What leadership means in non-hierarchical structures.

tyler malin
3 min readNov 13, 2021

Just because we have lived our entire lives in top-down hierarchical organizations that are owned by a few but built on the participation of the many does not mean that has to be our future.

In the past year, I have witnessed incredible innovation in how people have organized and come together to provide value and build a common vision into reality. From the E-Corps I have been modeling and starting up at Everyone Inc., to platform cooperatives to DAOs, there is now a vibrant array of new ways to work within communities to find a common vision, raise capital, self-organize to achieve complex tasks, and create wealth. I have spent the past year deeply engaged in how to build more democratic and more participant-managed organizations.

If our systems and organizations are evolving towards less hierarchical structures it is obvious that the next great new businesses of this era will need to have leaders that have vastly different skillsets than that of the old guard. Of course, some of those skills may involve unique dev, creative or growth-related skills — but more importantly, I believe leadership will need to embody a completely new set of core values and ethics to lead.

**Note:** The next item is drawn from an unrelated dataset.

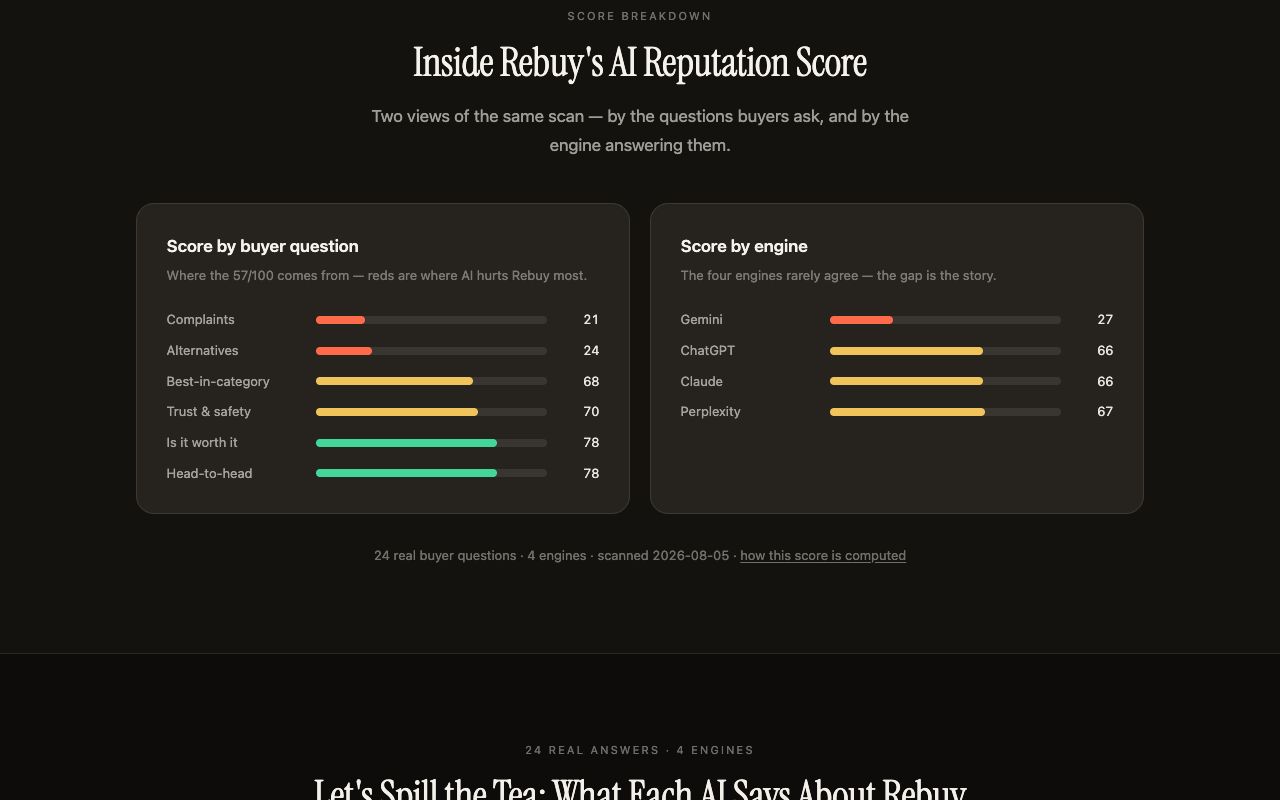 Kairosy public AI performance report for Rebuy listing source share across rebuyengine.com, onlinestorenews.com, Shopify, LimeSpot and Trustpilot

I came across Dean Spade’s work through AOC’s Mutual Aid Toolkit (see below). I have always been interested in mutual aid as a principle because it certainly feels like how communities should be working together especially in times of need. It feels like people are supposed to help each other out but somehow we forgot that.

Mutual Aid 101: Toolkit

Dean’s book Mutual Aid: Building Solidarity During This Crisis (and the next) is a primer on why mutual aid is so important for individuals, communities, and democracy. The book goes into the theory of mutual aid and its history but is highly action-oriented providing concrete tools and plans to organize in our neighborhoods and create the communities we want to live in.

Mutual Aid: Building Solidarity During This Crisis (and the Next)

It was in the context of building grassroots Mutal Aid that Dean posted a list of leadership qualities supporting mutuality vs. hierarchy.

Those qualities include:

  • Being just and accountable vs. success by domination.
  • Being Willing to admit mistakes vs. Fear of losing reputation or looking weak
  • Wining support by being supportive and trustworthy vs. Winning others’ support through status, fear.
  • Fostering compassion and a desire that no one is left out of the group vs. Fostering competition in the group
  • Seeing the long view and holds to values vs. Seeking immediate gains, even if it means big compromises.
  • Being Controlling, micromanaging vs. Being able to delegate, can ask for help, wants more people’s participation rather than more control.

I think this is a list that every decentralized organization should be seeking from leaders and I hope that a shift in focus will lead to a more diverse, more empathetic, and more successful set of leaders and ventures moving forward.